— ACTIVITY —
Nothing but the pictures should go missing; return all the entries below exactly.

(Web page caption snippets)
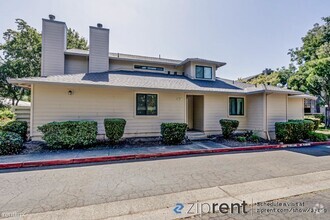 Building Photo - 2 br, 2 bath Condo - 521 Mission Boulevard...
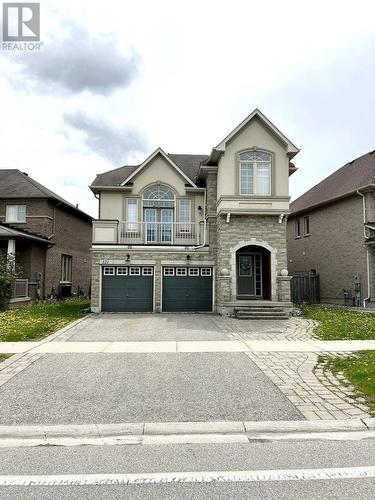 121 Silver Maple Road, Richmond Hill, ON - Outdoor With Facade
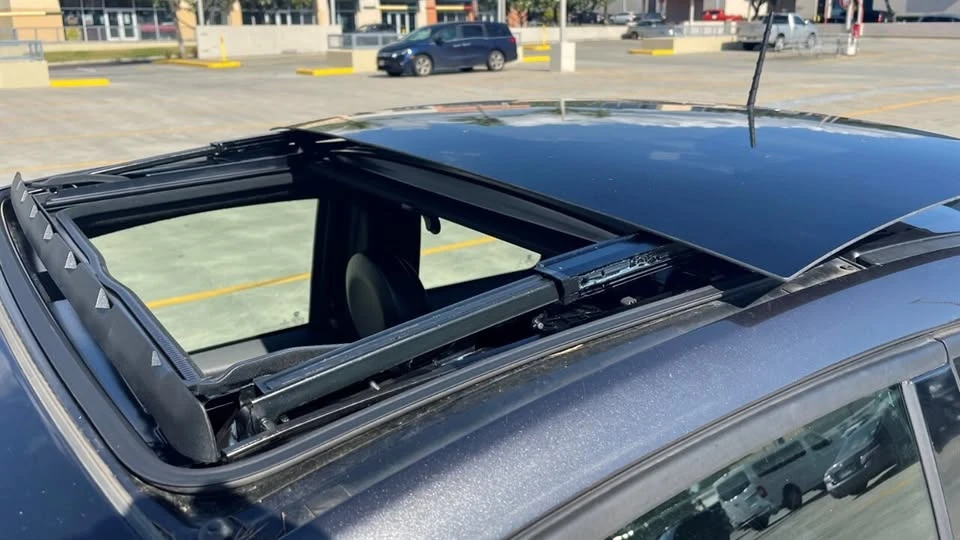 2018 Fiat 500e - Image 12 of 19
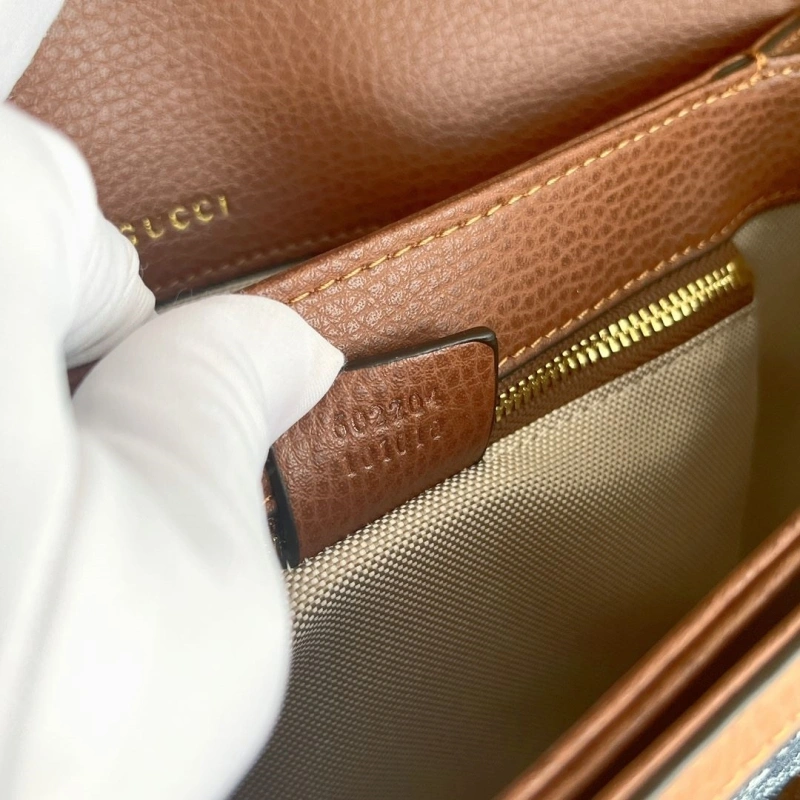 Gvc*1 satchel bags 4032-0593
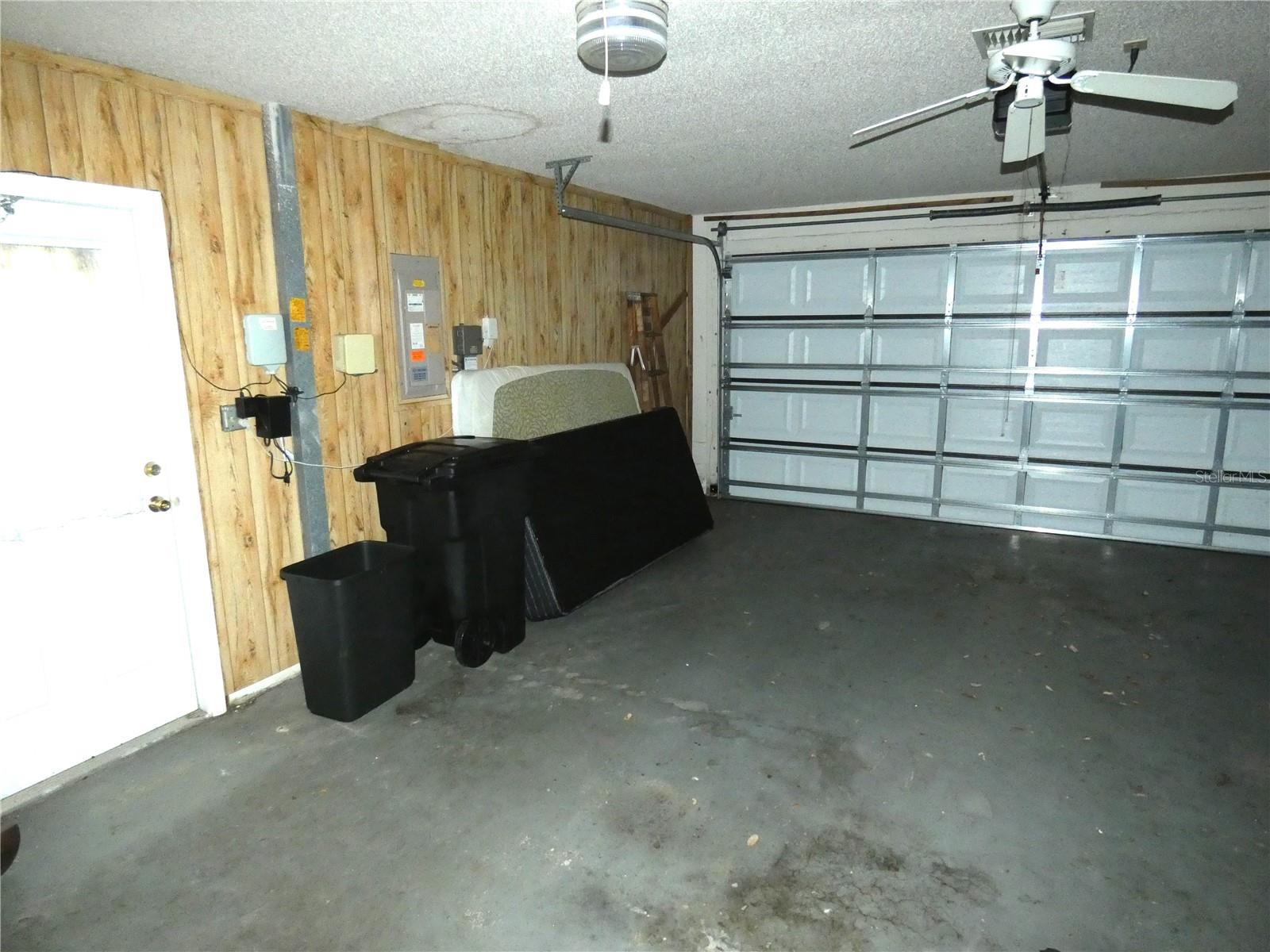 Image 31 of 32 For 7632 Lake Forest Circle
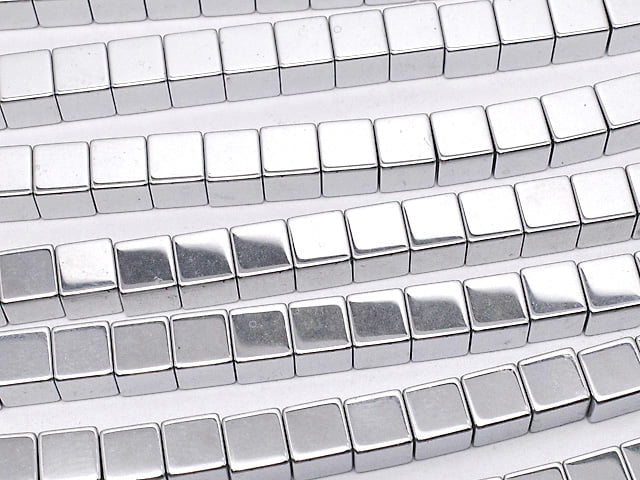 [Video] Hematite Cube 4 x 4 mm x 4 mm Silver coating 1 strand beads (aprx.15 inch / 38 cm)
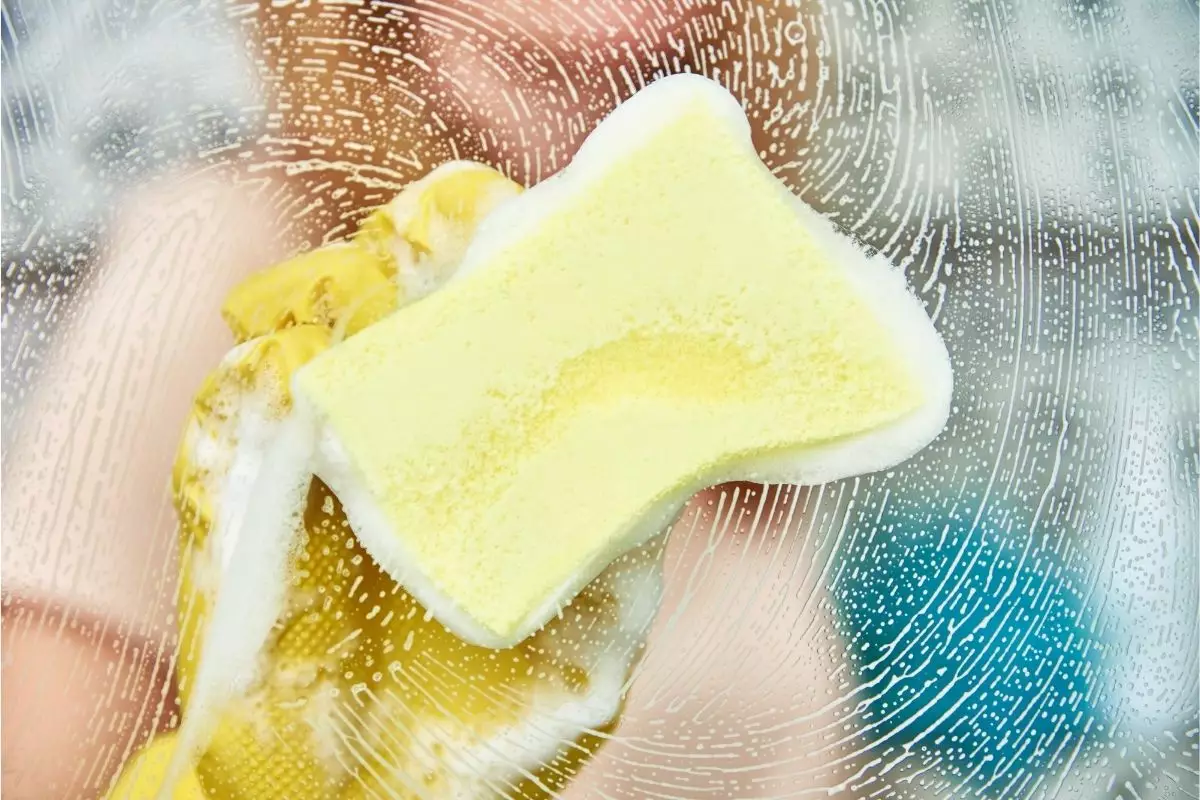 Como manter o box de banheiro sempre limpo em 2 passos — Reprodução do Canva.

— TASK ANSWER —
 Building Photo - 2 br, 2 bath Condo - 521 Mission Boulevard...
 121 Silver Maple Road, Richmond Hill, ON - Outdoor With Facade
 2018 Fiat 500e - Image 12 of 19
 Gvc*1 satchel bags 4032-0593
 Image 31 of 32 For 7632 Lake Forest Circle
 [Video] Hematite Cube 4 x 4 mm x 4 mm Silver coating 1 strand beads (aprx.15 inch / 38 cm)
 Como manter o box de banheiro sempre limpo em 2 passos — Reprodução do Canva.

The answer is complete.